Section XIV: Registry Entry

Name: Output Formalization Framework
Purpose: Generates bespoke output frameworks that render content into specific media at craft standard in the user's voice
Problem Class: Multi-medium expressive output formalization; framework generation for any expressive medium with an identifiable craft tradition and render target
Input Summary:
  - One of four input modalities (exemplar / template / verbal description / medium-genre spec) (required, O-Design)
  - User participation in elicitation (required, O-Design)
  - Existing bespoke framework (required, O-Modify / O-Render / O-Audit)
  - Content (required, O-Render; from corpus / PFF / user)
  - mind.md (optional but strongly recommended)
  - Framework registry, integration architecture, MindSpec-to-OFF integration, craft library (optional)
Output Summary:
  - Bespoke output framework file (O-Design, O-Modify) — written to ~/ora/frameworks/output/[genre-slug]/
  - Rendered artifact (O-Render) — written to user-specified location or returned for paste
  - Audit report (O-Audit) — returned to user, not written
Proven Applications: v1.0 specification, no production runs yet.
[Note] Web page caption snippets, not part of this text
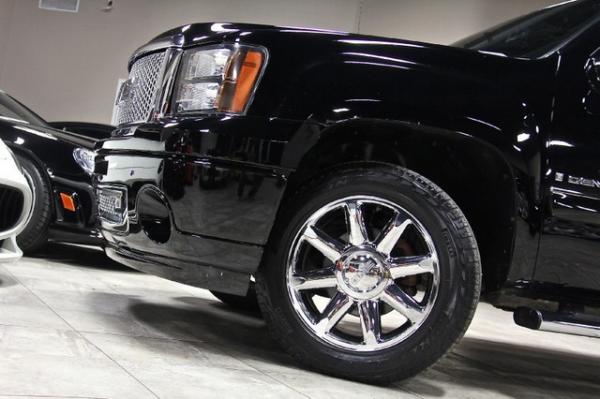 New-2009-GMC-Sierra-1500-Denali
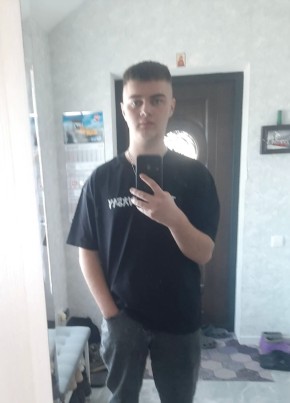 Роман Супрунчук из Бярозы 18 лет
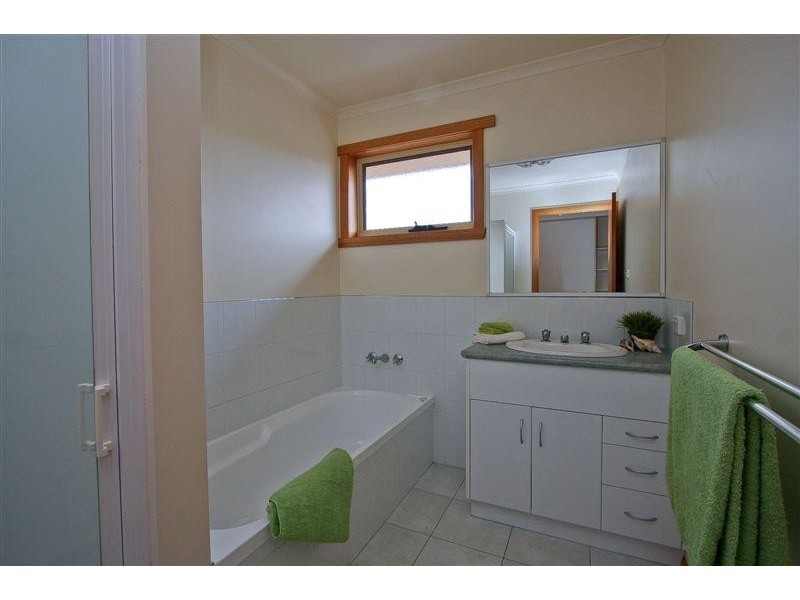 3/111 Steele Street, Devonport TAS 7310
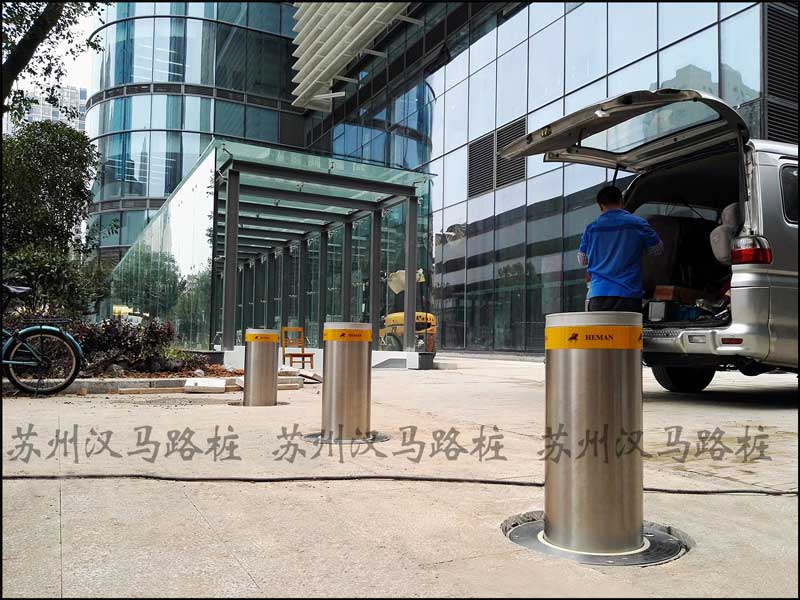 南京江苏银行升降柱案例 - 中出网-智能出入口门户
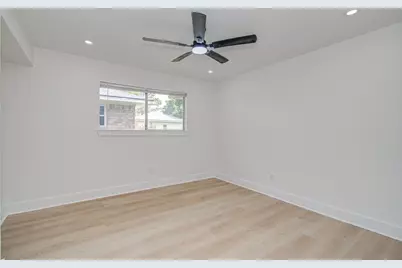 2719 E Pebble Beach Drive, Missouri City, TX 77459 - Photo 23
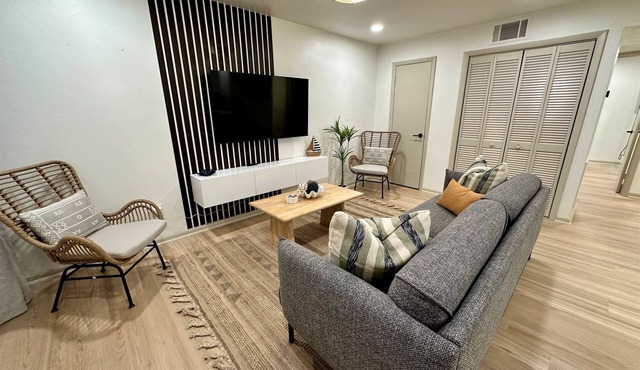 2 king beds -2nd fl walk 2 beach 5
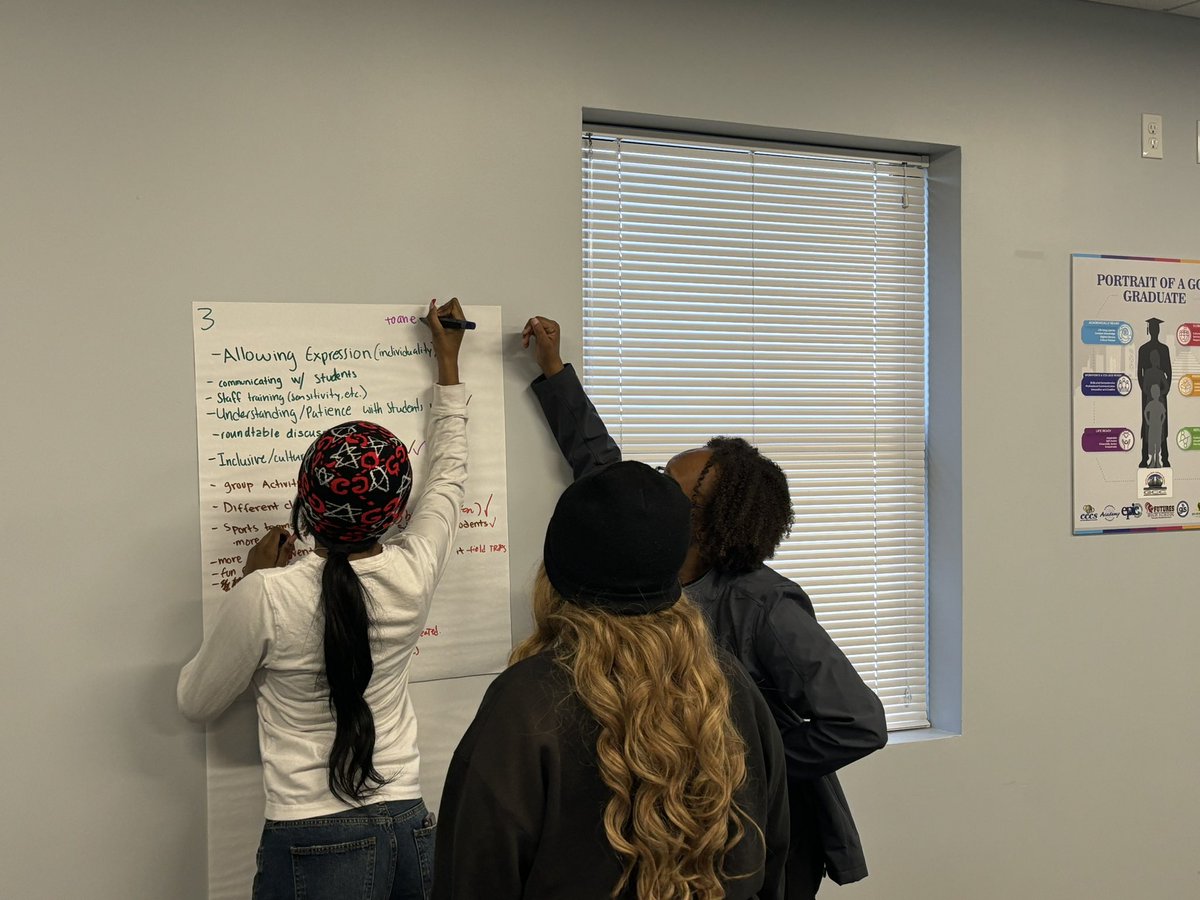 gcc_jsample's tweet image. Day 100!!! The focus of this day was the same as Day 1…Our STUDENTS!! Met with the Superintendent’s Student Advisory Council! These young people are making a difference and adding the student voice to our work. They called me the “Super-Cool School Guy”! 😎 #gcclevelup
First-use validation expected on Word board memo, Excel rental parity model, and PowerPoint quarterly review as exemplar cases per the OFF overview.
Known Limitations:
  - Craft library infrastructure is not yet built; v1 frameworks rely on canonical references rather than populated craft libraries
  - Style Guide Module is referenced but not yet specified in its own canonical document
  - Render layer implementations (python-docx, python-pptx, openpyxl) are external; OFF specifies the render layer but does not implement renderers
  - Cross-medium aesthetic composition (via mind.md Aesthetic Sensibility section) is supported architecturally but unvalidated
  - First-use validation expected against bespoke frameworks generated for Word, Excel, PowerPoint
File Location: ~/Documents/vault/Framework — Output Formalization.md (with mirror at ~/ora/frameworks/book/output-formalization.md)
Provenance: human-architected with Claude Opus 4.7 collaborative drafting; predecessor design document: Working — Reference — OFF and Style Guide Overview.md (2026-04-23)
Confidence: medium — architecture is sound and traces from established meta-framework patterns (PFF, CFF); execution layer details may require refinement after first production runs of bespoke framework generation
Version: 1.0

Framework v1.0 completed 2026-04-23. Build collaborators: Larry (architect), Claude Opus 4.7 (structural).

This framework is the third sibling in the PFF / CFF / OFF triad. Its purpose is to formalize the expression side of knowledge work — to let users produce artifacts in their own voice at craft standard without re-doing design work for each artifact. The four-layer architecture (content / craft / style / render) is the structural innovation that makes bespoke output frameworks composable, modifiable, and faithful to the user’s voice across many media.